▸ **Aim of the exercise**
Copy every record below exactly as written, but leave out the pictures.

Extracted records:
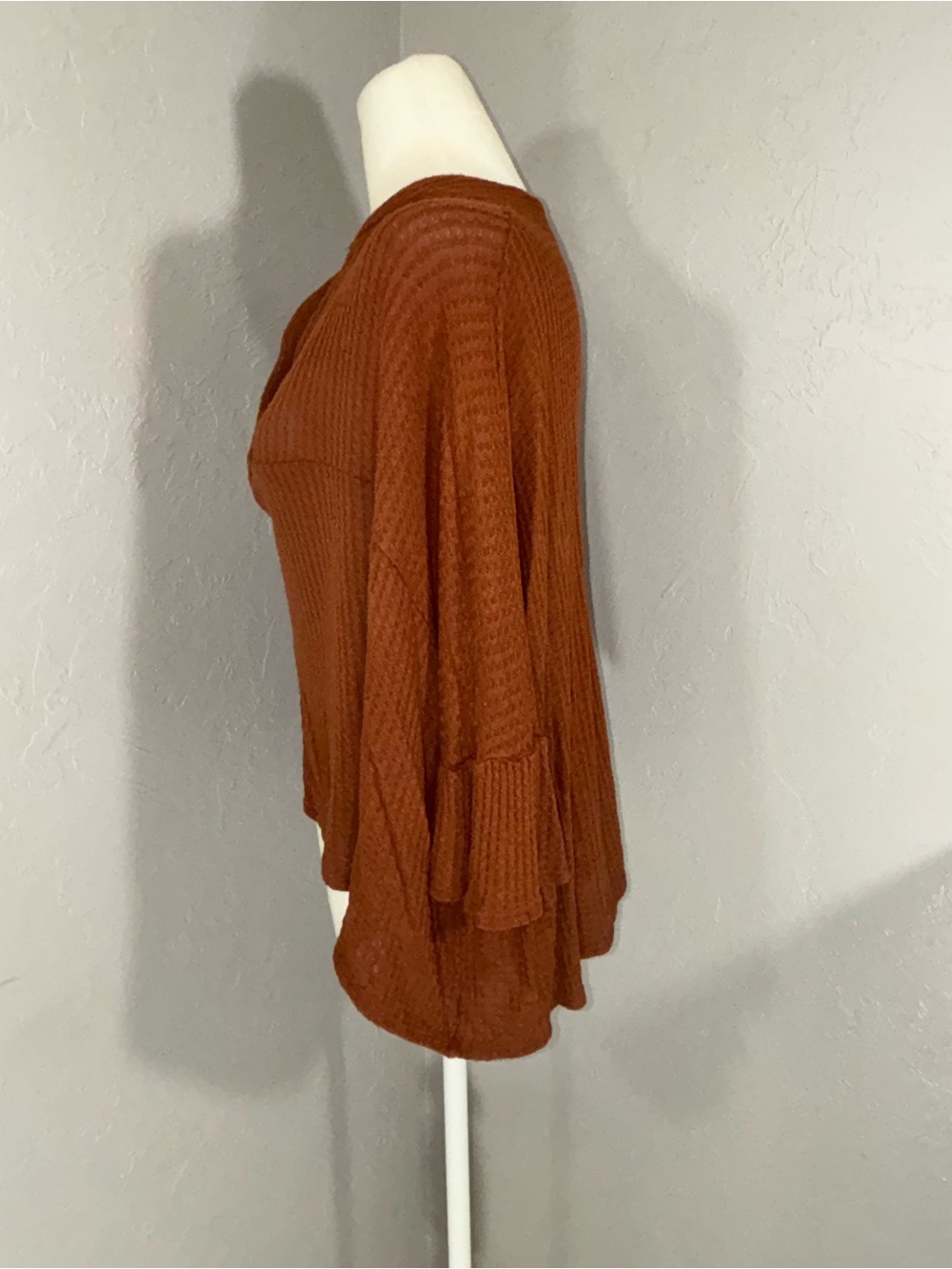 Adelyn Rae Rust Button-Neck Waffle Knit Pullover - Picture 4 of 12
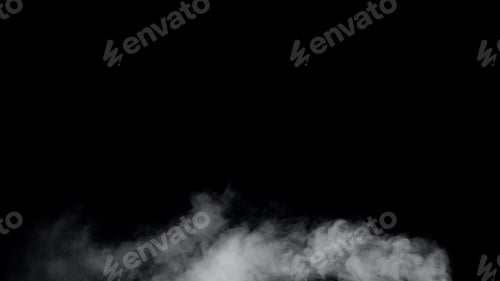 Preview: White smoke or fog isolated on black background.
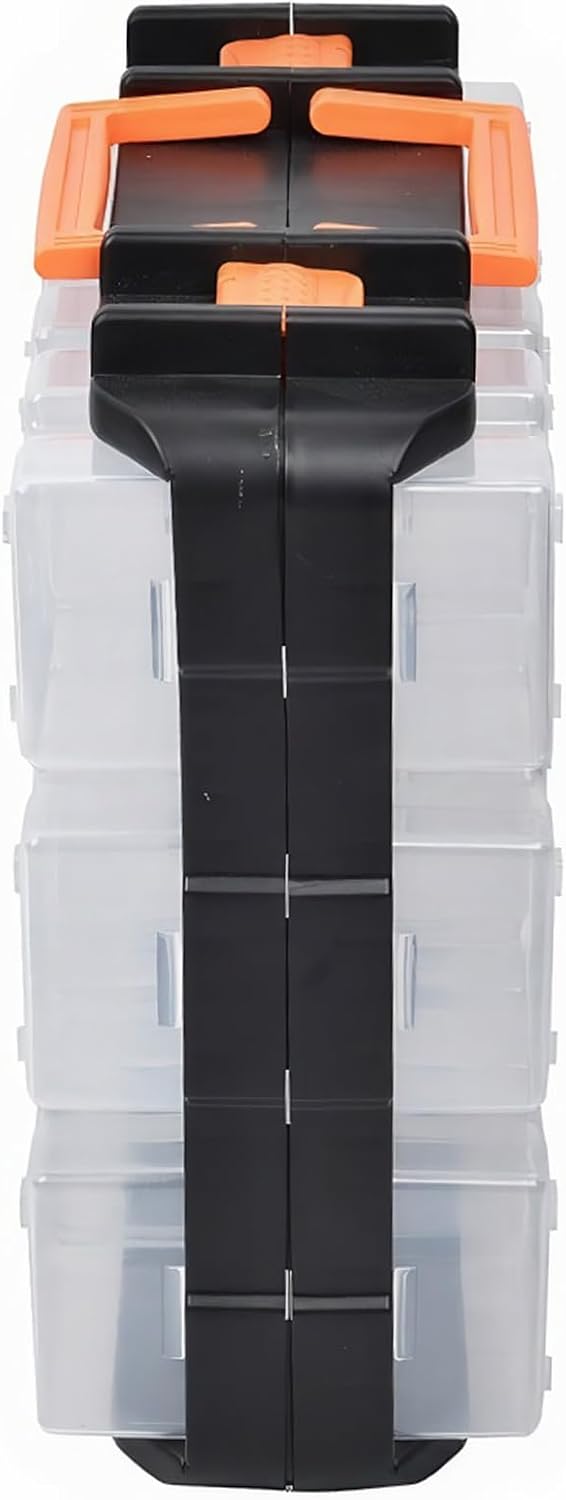 GENERIC Boîte De Rangement Amovible, Organiseur De Petites Pièces, Récipient à Outils Avec Poignée, Vis Et écrous, Empilable, étui De Rangement Pour Outils Avec Accès Facile, Organisateur De Pièces Pour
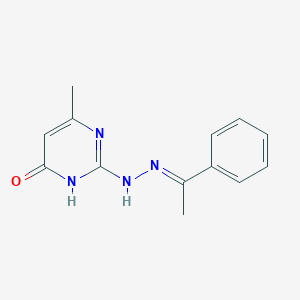 molecular formula C13H14N4O B6085691 1-phenylethanone (4-hydroxy-6-methyl-2-pyrimidinyl)hydrazone 
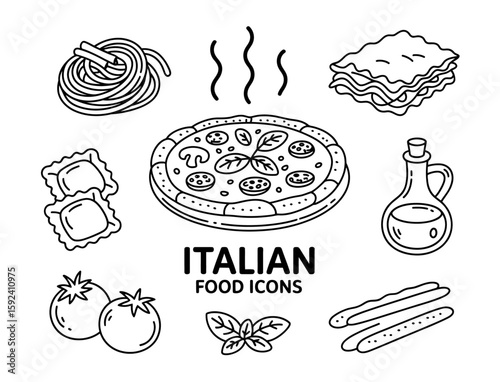 Collection of hand drawn italian food icons featuring pasta pizza and lasagna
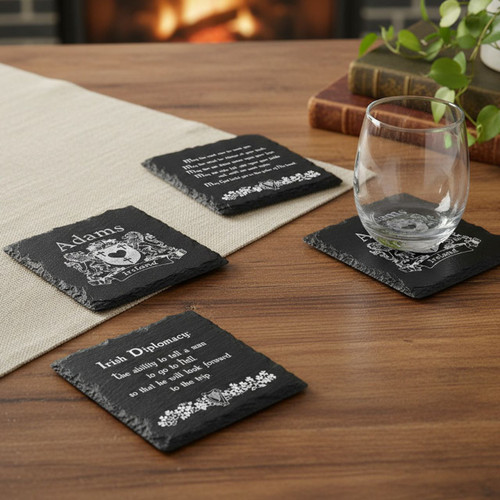 Irish Coat of Arms Slate Coaster Blessings - The Irish Rose Gifts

▸ **Output below**
 Adelyn Rae Rust Button-Neck Waffle Knit Pullover - Picture 4 of 12
 Preview: White smoke or fog isolated on black background.
 GENERIC Boîte De Rangement Amovible, Organiseur De Petites Pièces, Récipient à Outils Avec Poignée, Vis Et écrous, Empilable, étui De Rangement Pour Outils Avec Accès Facile, Organisateur De Pièces Pour
 molecular formula C13H14N4O B6085691 1-phenylethanone (4-hydroxy-6-methyl-2-pyrimidinyl)hydrazone 
 Collection of hand drawn italian food icons featuring pasta pizza and lasagna
 Irish Coat of Arms Slate Coaster Blessings - The Irish Rose Gifts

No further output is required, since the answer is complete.